Imam Ad Dimyathi mengatakan, pendapat yang mu’tamad adalah tidak haram, mengeluarkan mani dan ‘alaqah (segumpal darah) yang sudah tertanam di rahim, (I’anatuth Thalibin, 3/256)
Sedangkan Imam Al Ghazali berpendapat haram, sebab itu merupakan tindakan kriminal terhadap sesuatu yang sudah ada. (Ihya ‘Ulumuddin, 2/47). Pendapat Imam Al Ghazali inilah yang diikuti oleh Syaikh Wahbah Az Zuhaili, katanya:
وإني بهذا الترجيح ميَّال مع رأي الغزالي الذي يعتبر الإجهاض ولو من أول يوم كالوأد جناية على موجود حاصل
“Sesungguhnya saya dengan tarjih ini, lebih cenderung pada pendapat Al Ghazali yang telah melakukan pengujian terhadap masalah aborsi, walaupun itu dilakukan sejak awal (kehamilan) sebagaimana penguburan bayi hidup-hidup, hal itu merupakan kejahatan atas sesuatu yang sudah wujud (ada).” (Fiqhul Islami wa Adillatuhu, 4/197)
- Hambaliyah (Hanabilah)
Pandangan mu’tamad mereka sama dengan Hanafiyah, yakni boleh. Selama dilakukan selama 4 bulan pertama atau 120 hari sejak awal kehamilan, karena belum ada ruh. Jika lebih dari itu dan sudah ada ruh maka haram secara qath’i (pasti). (Fiqhul Islami wa Adillatuhu, 4/198)

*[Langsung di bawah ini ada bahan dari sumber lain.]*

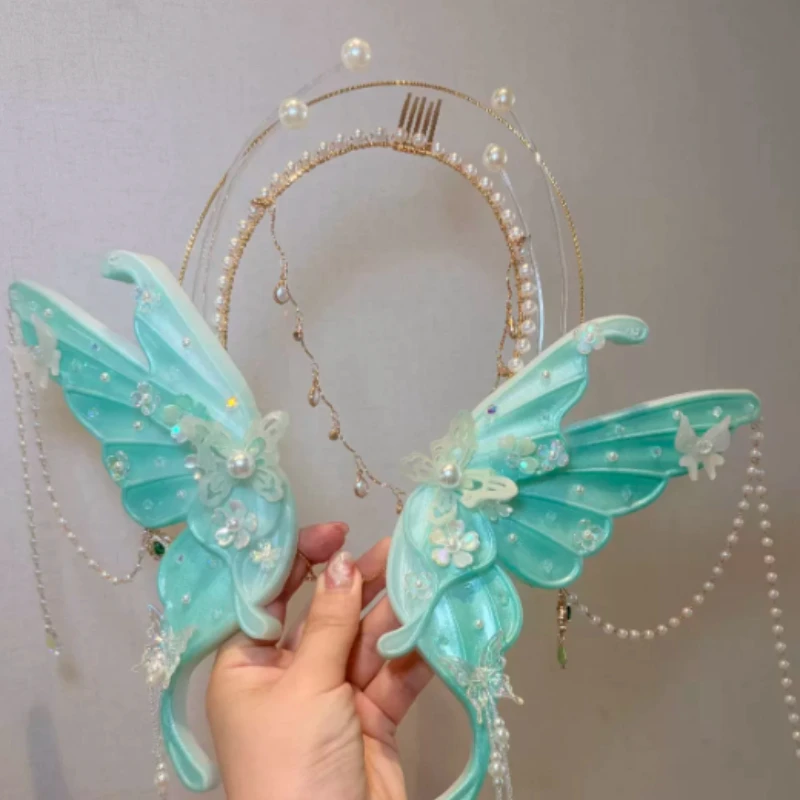 Silicone Elf Ear Headpiece, Iridescent Mermaid Prop for Diving and Beach Photoshoot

Nampaknya pendapat Malikiyah dan Imam Al Ghazali yaitu haram, merupakan pandangan lebih tepat dan hati-hati, apalagi di tengah pergaulan bebas seperti saat ini. Sehingga pendapat ini dapat dijadikan preventif (pencegahan) dan membendung angka aborsi yang dilakukan manusia tidak bertanggungjawab, ada pun jika menggunakan pendapat yang membolehkan, maka akan membawa dampak disalahgunakan oleh mereka. Sebab, jika suatu yang haram saja mereka langgar (yakni free sex) apalagi sesuatu yang mubah, mereka akan semakin menjadi-jadi.
Pembahasan di atas hanya berlaku untuk aborsi (keguguran yang disengaja), ada pun keguguran karena lemahnya kandungan, sakit, terjatuh, dan lainnya yang tidak diinginkan oleh orang tuanya, maka itu dimaafkan.
2. Nifaskah Wanita Yang Keguguran?
Kita lihat definisi nifas dahulu. Syaikh Sayyid Sabiq Rahimahullah berkata tentang arti nifas:
تعريفه: هو الدم الخارج من قبل المرأة بسبب الولادة وإن كان المولود سقطا.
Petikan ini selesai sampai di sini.